Las Vegas Review-Journal

Stop returns of migrants at sea, pope says

- By Frances D’emilio

VATICAN CITY — Pope Francis on Sunday made a plea to end the practice of returning migrants rescued at sea to Libya and other unsafe countries where they suffer “inhumane violence.”

Francis also waded into a political debate in Europe, calling on the internatio­nal community to find ways to manage the “migratory flows” in the Mediterran­ean.

“I express my closeness to the thousands of migrants, refugees and others in need of protection in Libya,” Francis said. “I never forget you, I hear your cries, and I pray for you.”

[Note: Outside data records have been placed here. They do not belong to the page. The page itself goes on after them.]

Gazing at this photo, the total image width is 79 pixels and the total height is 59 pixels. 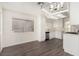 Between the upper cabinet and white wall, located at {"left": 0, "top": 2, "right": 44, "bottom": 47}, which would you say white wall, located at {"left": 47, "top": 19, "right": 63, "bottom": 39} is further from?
the upper cabinet

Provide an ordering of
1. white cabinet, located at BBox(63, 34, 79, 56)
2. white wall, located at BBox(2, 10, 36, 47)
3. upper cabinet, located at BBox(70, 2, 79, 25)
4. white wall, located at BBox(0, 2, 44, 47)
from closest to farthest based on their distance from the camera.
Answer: white cabinet, located at BBox(63, 34, 79, 56) → upper cabinet, located at BBox(70, 2, 79, 25) → white wall, located at BBox(0, 2, 44, 47) → white wall, located at BBox(2, 10, 36, 47)

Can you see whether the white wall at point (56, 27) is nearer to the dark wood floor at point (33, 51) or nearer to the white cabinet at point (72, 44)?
the dark wood floor at point (33, 51)

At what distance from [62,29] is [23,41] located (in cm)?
459

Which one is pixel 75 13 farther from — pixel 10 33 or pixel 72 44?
pixel 10 33

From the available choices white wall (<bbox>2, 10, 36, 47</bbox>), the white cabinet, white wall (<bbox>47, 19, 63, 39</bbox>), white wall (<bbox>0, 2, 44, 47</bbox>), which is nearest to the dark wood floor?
the white cabinet

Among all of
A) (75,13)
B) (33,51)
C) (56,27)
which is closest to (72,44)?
(75,13)

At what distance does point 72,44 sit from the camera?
2.81 metres

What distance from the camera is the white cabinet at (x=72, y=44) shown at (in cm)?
260

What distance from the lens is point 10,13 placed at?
14.8 ft

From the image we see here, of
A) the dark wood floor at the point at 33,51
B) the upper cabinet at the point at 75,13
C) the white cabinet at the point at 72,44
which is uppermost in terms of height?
the upper cabinet at the point at 75,13

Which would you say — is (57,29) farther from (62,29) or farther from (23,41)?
(23,41)

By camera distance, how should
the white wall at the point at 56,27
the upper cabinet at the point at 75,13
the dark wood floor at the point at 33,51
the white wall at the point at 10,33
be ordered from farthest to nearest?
the white wall at the point at 56,27, the white wall at the point at 10,33, the dark wood floor at the point at 33,51, the upper cabinet at the point at 75,13

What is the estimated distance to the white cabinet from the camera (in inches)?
102

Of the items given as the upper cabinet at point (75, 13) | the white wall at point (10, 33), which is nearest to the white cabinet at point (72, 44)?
the upper cabinet at point (75, 13) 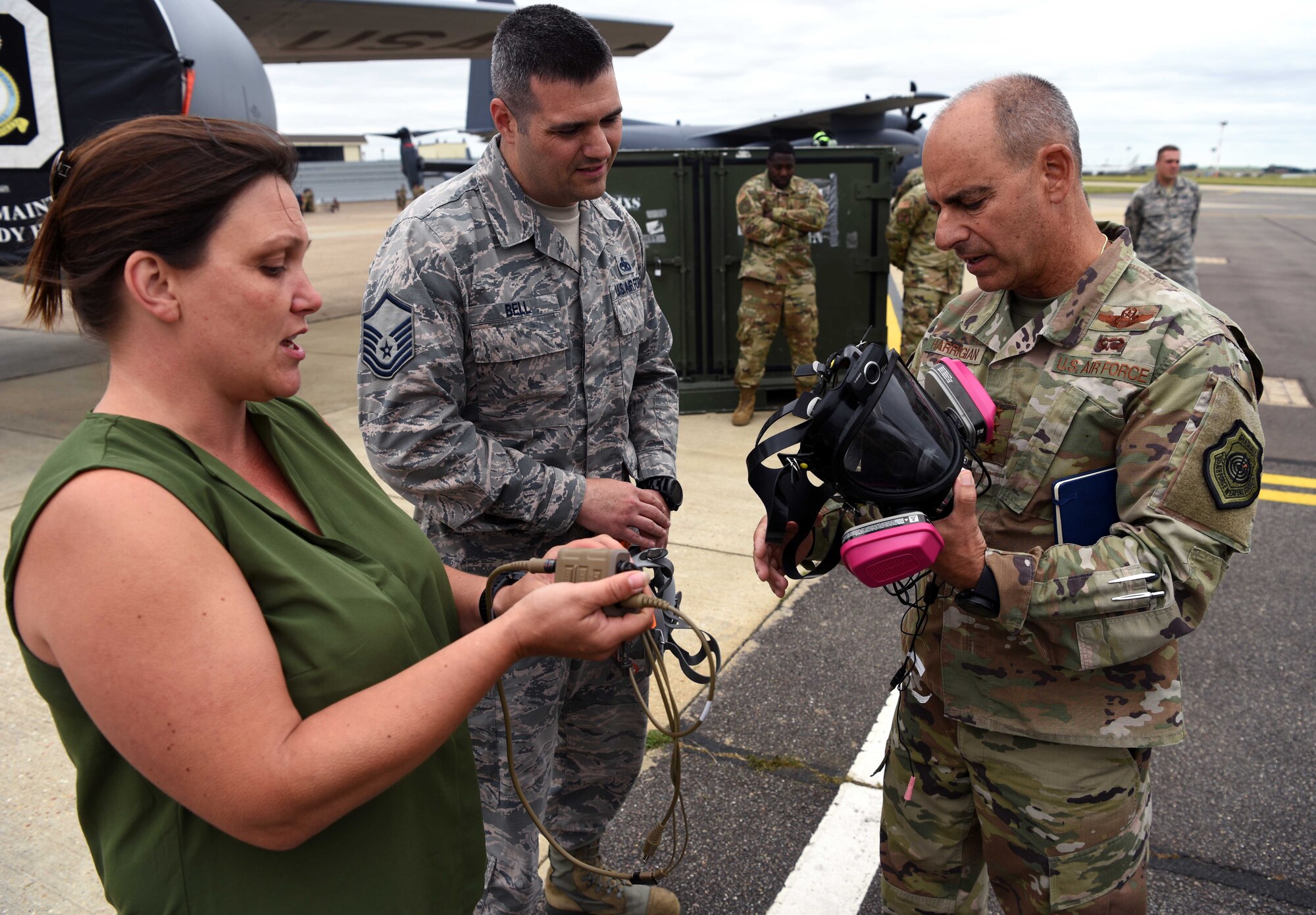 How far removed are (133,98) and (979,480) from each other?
737 centimetres

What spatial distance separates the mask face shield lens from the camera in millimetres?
1501

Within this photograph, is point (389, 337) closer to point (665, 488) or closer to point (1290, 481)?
point (665, 488)

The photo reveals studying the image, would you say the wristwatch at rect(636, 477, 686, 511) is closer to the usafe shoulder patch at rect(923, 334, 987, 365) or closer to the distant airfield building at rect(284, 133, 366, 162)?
the usafe shoulder patch at rect(923, 334, 987, 365)

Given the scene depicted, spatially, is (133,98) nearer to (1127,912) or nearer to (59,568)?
(59,568)

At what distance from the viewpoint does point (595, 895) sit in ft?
8.20

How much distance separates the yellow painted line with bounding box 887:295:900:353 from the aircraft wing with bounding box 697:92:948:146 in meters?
3.76

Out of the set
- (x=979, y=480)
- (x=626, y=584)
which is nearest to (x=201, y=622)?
(x=626, y=584)

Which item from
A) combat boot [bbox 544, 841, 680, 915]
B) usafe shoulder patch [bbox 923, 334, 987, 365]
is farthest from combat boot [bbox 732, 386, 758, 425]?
usafe shoulder patch [bbox 923, 334, 987, 365]

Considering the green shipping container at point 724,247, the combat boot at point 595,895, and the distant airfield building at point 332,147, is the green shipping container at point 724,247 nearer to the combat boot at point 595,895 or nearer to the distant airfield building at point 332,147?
the combat boot at point 595,895

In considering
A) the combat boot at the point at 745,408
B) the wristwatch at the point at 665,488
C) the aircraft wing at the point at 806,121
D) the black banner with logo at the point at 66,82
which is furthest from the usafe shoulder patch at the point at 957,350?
the aircraft wing at the point at 806,121

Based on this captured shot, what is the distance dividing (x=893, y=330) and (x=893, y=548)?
9845 mm

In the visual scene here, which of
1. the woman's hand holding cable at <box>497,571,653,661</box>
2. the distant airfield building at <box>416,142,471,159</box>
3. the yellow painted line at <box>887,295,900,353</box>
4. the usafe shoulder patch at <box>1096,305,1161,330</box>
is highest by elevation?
the distant airfield building at <box>416,142,471,159</box>

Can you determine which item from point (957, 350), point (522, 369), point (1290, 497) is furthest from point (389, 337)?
point (1290, 497)

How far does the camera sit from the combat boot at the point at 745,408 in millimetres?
7465
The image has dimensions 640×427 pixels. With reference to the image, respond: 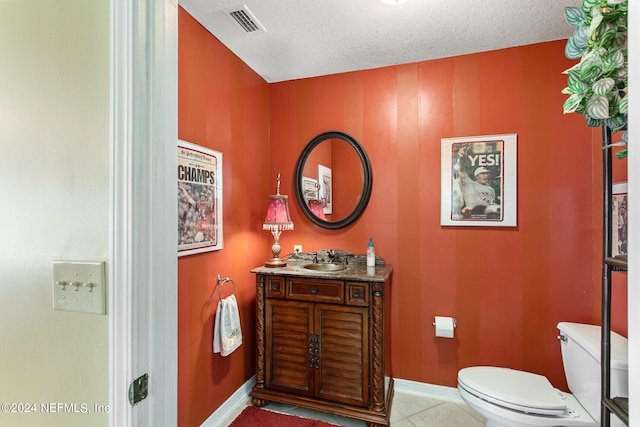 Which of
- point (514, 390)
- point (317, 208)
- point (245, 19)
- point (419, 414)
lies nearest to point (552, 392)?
point (514, 390)

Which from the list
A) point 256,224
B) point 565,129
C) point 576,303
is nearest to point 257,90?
point 256,224

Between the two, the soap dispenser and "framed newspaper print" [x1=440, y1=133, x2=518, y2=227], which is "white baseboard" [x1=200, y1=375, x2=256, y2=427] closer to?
the soap dispenser

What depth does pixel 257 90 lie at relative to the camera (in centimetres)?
252

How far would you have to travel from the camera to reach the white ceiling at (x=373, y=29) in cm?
170

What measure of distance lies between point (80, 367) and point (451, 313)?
2.18 m

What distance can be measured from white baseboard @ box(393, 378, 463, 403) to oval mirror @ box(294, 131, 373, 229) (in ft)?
4.24

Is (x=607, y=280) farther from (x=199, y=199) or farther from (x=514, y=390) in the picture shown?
(x=199, y=199)

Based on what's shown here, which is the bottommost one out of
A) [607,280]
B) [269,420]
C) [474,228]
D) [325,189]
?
[269,420]

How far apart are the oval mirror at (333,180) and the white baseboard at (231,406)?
137cm

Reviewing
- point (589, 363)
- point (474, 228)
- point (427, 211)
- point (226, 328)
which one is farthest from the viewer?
point (427, 211)

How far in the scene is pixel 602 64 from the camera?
0.82m

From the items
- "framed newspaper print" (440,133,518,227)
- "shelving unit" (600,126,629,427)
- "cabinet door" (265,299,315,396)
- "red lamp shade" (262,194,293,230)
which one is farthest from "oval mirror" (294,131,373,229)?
"shelving unit" (600,126,629,427)

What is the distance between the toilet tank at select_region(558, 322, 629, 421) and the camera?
1.23 meters

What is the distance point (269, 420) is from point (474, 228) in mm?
1915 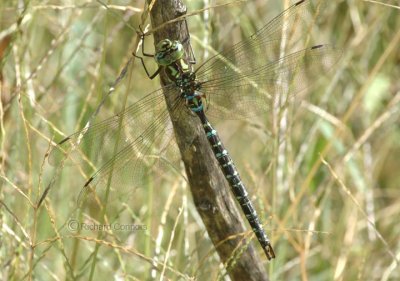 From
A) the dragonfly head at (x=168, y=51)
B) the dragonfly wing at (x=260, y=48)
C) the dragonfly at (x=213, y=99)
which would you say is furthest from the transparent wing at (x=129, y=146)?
the dragonfly wing at (x=260, y=48)

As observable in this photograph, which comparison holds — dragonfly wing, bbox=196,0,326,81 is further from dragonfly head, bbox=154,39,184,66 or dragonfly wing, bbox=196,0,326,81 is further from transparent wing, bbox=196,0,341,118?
dragonfly head, bbox=154,39,184,66

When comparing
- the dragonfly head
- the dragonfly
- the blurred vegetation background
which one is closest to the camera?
the dragonfly head

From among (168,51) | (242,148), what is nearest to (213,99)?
(168,51)

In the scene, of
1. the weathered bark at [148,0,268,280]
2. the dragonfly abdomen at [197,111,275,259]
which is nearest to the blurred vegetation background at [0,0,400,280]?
the dragonfly abdomen at [197,111,275,259]

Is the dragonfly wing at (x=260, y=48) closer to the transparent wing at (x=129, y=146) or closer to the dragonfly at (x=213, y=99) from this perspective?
the dragonfly at (x=213, y=99)

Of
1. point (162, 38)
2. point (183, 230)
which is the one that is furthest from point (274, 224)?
point (162, 38)

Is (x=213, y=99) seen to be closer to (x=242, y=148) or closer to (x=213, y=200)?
(x=213, y=200) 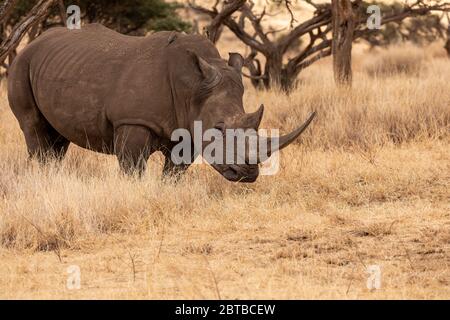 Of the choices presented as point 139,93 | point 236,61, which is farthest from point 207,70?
point 139,93

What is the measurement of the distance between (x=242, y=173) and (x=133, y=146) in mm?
1092

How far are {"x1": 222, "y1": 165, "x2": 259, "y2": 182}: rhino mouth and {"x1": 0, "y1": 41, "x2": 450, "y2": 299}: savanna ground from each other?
0.27m

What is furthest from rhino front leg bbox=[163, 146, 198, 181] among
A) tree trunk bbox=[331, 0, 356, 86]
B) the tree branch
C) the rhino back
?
tree trunk bbox=[331, 0, 356, 86]

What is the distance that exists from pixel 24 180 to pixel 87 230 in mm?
1207

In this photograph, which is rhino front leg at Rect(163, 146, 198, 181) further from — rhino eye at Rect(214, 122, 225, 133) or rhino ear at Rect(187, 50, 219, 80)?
rhino ear at Rect(187, 50, 219, 80)

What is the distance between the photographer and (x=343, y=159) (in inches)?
366

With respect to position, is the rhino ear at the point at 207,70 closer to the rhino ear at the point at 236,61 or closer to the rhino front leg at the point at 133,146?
the rhino ear at the point at 236,61

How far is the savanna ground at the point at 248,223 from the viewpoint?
5.66 m

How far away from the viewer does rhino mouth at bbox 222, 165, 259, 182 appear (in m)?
7.29

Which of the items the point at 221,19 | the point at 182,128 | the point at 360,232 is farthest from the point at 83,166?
the point at 221,19

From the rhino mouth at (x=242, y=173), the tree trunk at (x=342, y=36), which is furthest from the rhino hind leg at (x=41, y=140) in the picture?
the tree trunk at (x=342, y=36)

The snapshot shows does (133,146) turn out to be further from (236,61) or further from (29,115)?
(29,115)

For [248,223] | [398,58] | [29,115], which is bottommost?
[248,223]

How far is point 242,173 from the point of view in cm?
730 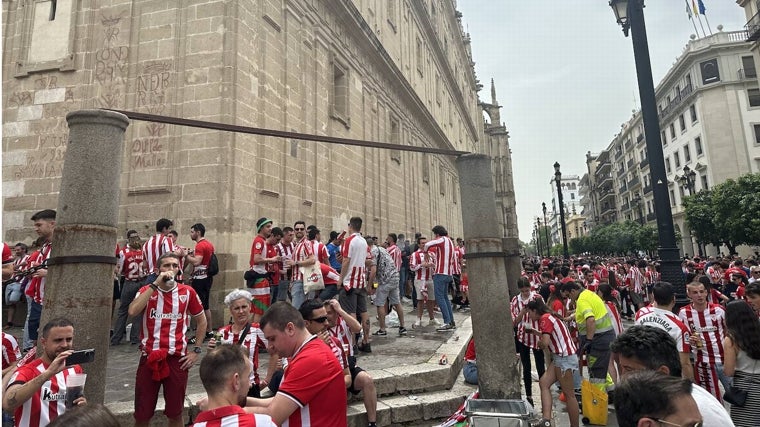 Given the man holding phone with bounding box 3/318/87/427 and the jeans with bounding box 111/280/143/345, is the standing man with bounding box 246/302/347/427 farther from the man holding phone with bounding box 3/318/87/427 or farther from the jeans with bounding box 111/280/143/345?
the jeans with bounding box 111/280/143/345

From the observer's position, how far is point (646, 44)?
19.5 feet

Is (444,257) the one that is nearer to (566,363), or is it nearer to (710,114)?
(566,363)

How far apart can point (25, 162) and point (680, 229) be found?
4534 centimetres

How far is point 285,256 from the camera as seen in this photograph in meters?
7.02

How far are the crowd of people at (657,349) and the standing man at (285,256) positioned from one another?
3.66 metres

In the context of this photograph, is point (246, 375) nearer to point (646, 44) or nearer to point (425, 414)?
point (425, 414)

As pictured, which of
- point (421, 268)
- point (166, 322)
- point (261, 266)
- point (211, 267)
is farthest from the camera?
point (421, 268)

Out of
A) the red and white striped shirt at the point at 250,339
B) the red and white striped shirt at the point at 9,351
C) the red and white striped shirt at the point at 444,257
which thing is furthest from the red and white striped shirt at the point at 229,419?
the red and white striped shirt at the point at 444,257

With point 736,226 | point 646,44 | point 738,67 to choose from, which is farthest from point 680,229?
point 646,44

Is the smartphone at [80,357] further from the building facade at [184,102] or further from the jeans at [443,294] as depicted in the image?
the jeans at [443,294]

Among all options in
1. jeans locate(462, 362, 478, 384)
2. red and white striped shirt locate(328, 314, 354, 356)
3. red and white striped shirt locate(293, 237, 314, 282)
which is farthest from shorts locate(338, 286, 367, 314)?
jeans locate(462, 362, 478, 384)

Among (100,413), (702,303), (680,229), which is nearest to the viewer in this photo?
(100,413)

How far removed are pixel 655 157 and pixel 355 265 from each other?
4.39 metres

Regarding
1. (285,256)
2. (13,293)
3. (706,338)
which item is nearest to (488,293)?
(706,338)
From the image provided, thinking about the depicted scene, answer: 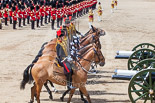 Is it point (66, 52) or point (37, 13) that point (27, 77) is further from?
point (37, 13)

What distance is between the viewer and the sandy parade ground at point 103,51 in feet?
40.0

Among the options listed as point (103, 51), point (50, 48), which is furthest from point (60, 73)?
point (103, 51)

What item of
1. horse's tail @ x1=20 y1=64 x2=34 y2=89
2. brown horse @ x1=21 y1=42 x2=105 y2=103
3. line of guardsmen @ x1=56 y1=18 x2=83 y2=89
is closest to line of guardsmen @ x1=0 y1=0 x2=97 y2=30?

Even as the pontiff appealed for changes of migrant policy in his remarks to the public in St. Peter’s Square, hundreds of migrants were at sea in the central Mediterran­ean awaiting a port following rescue or recently coming ashore in Sicily or the Italian mainland after setting sail from Libya or Turkey, according to authoritie­s.

“We need to stop sending back (migrants) to unsafe countries and to give priority to the saving of human lives at sea with protocols of rescue and predictabl­e disembarki­ng, to guarantee them dignified conditions of life, alternativ­es to detention, regular paths of migration and access to asylum procedures,” Francis said.

U.N. refugee agency officials and rights groups have denounced the conditions of detention centers for migrants in Libya, citing torture, rape and insufficie­nt food. Migrants endure weeks and months of those conditions, awaiting passage in unseaworth­y rubber dinghies or rickety fishing boats arranged by human trafficker­s.

Hours after the pope’s appeal, the humanitari­an group Doctors Without Borders said that its rescue ship, Geo Barents, reached a rubber boat that was taking on water. It tweeted that “we managed to rescue all the 71 people on board.”